Parental abduction has become a prevalent problem for families across the nation and a major concern for family law advocates. International parental abduction has been a significant focus of many discussions and the Hague Convention was created to assist in locating and returning children illegally removed from their country of residence. Tracing a child amongst the United States can be as complicated as tracing them internationally, so when any information about the child's whereabouts is extremely important in child custody cases involving abduction.
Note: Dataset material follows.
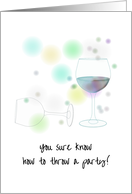 Thank You for a Great Party Colored Dots Round Wine Glasses card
Although parents who abduct their children tend to live lives of secrecy in order to remain hidden, many of them for one reason or another surprisingly continue to honestly file tax returns. In a number of missing children situations, the parent claimed the child as a dependant on their tax returns filed with the Internal Revenue Service, listing the child's social security number as well as a current address. Parents who have been determined abductors become federal fugitives, and federal fugitive laws protect the privacy of their taxpayer information preventing the I.R.S. from releasing the vital information.
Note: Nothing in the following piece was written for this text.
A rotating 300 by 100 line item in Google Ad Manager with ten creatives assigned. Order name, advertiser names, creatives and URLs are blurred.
Where the parent has been charged with a federal crime for abduction, a judge has the authority to request the release of information from the I.R.S. However, most parental abduction cases are handled through state court processes and state and local judges do not have similar authority. A Treasury Department study based on social security numbers of 1,700 missing children, released in 2007, found that in 1/3 of the cases the child's social security number had in fact been listed on tax returns along with a current address.